The first spring scrimmage for the University of Kentucky could be viewed as a draw. The offense came out and set the tone early, marching down the field for touchdowns on its first two drives. The first series pitted the first-team offense against the first-team defense, with the second-team units facing off in the second series.
The defense responded by making some nice individual plays, picking up its enthusiasm and keeping the offense out of the end zone the rest of the way until a late TD run by Jonathan George.
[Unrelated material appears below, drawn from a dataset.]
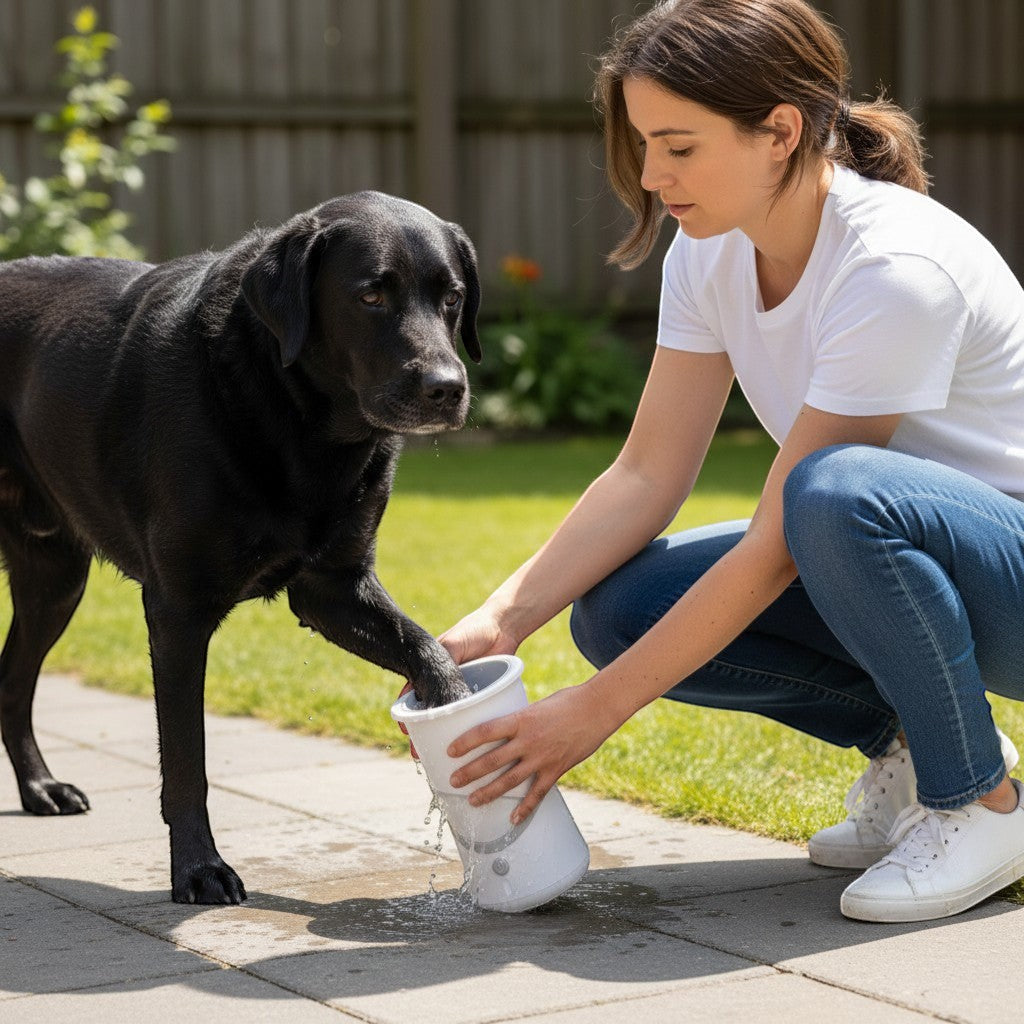FURRYKU white electric dog paw cleaner with grey silicone bristles and power button.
The defense also recovered a pair of fumbles and stuffed Brandon Gainer on a fourth-and-short run play.
"I don't know if we were shell-shocked or what, but after that first series we came out and shut them down," said senior linebacker Ronnie Sneed. "Once we got riled up and loud, we started flying to the ball."
Still, co-defensive coordinator Rick Minter wasn't pleased with the way his team came out of the gate.
Never miss a local story.
"I told them if that's how we're going to play, we're going to be down in a hole 7, 10, to 14 right off the bat," he said. "We've got to start faster than that. The lights came on today for a lot of our guys who had never played and it showed. The tempo and the intensity is not what it is in practice. We tried to treat it as a game as far as our mental preparation goes, and we've got a lot of work to do. I'm not displeased with our effort, but we've got a long way to go."
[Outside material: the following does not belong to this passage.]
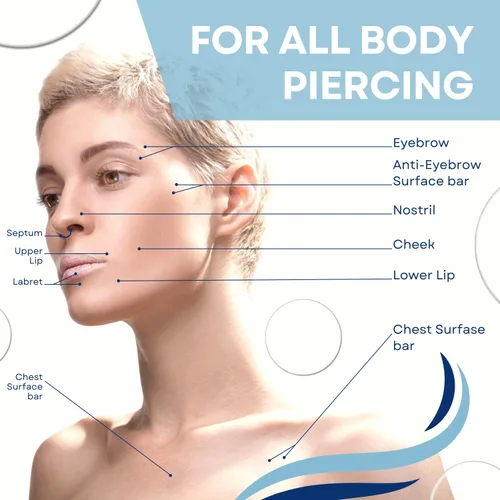 Vista 8 de BodyJ4You Juego de aceites queloides para el cuidado posterior de piercings, tratamiento de rodillo limpiador salino natural, para nariz, oído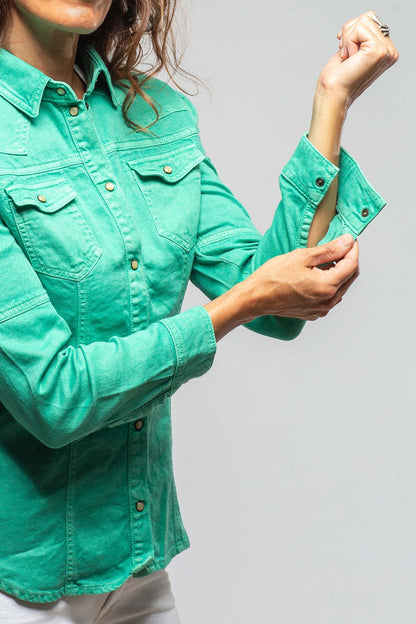 Yarmony Linen-Cotton Snap Shirt In Kingman Turquoise - AXEL'S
Morgan Newton continued with his solid spring, looking more in command of the offense than at any point during his UK career. He completed a nice swing pass to Raymond Sanders for a 20-plus yard gain to set up the first TD. Newton didn't throw a touchdown pass but had a few throws that were right on the money that were dropped by receivers.
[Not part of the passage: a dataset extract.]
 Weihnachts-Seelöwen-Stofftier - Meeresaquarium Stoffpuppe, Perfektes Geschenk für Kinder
Newton said he definitely feels more at ease under center now.
"I thought I did some things and put some balls in good places," Newton said. "We've still got a long way to go, and we still want to get better, but I'm feeling more and more comfortable every day. It's still April, but we're improving, and that's the most important thing. We were pretty solid on the opening drive. Unfortunately we weren't as solid the rest of the way, but we still did a lot of good things."
Offensive coordinator Randy Sanders said Newton's intangibles have come a long way.
"He approaches practice like he's supposed to," Sanders said. "Having not gotten the job last year, as negative as it was at the time, he has turned it into a positive because he was able to figure out why. The way he played was very positive, but there's still another step to take. He seems to be doing his part, and hopefully we can get the other 10 guys around him playing well where the results show."
As for the offense's lull after the hot start, Sanders gave credit to the defense and said he wanted to do some experimenting.
"I thought the defense responded well," Sanders said. "One of things I wanted was for the offense to have success early, which we did, and then I wanted to test some things and see where we were and see how some guys responded in certain situations. It wasn't all about success at that point."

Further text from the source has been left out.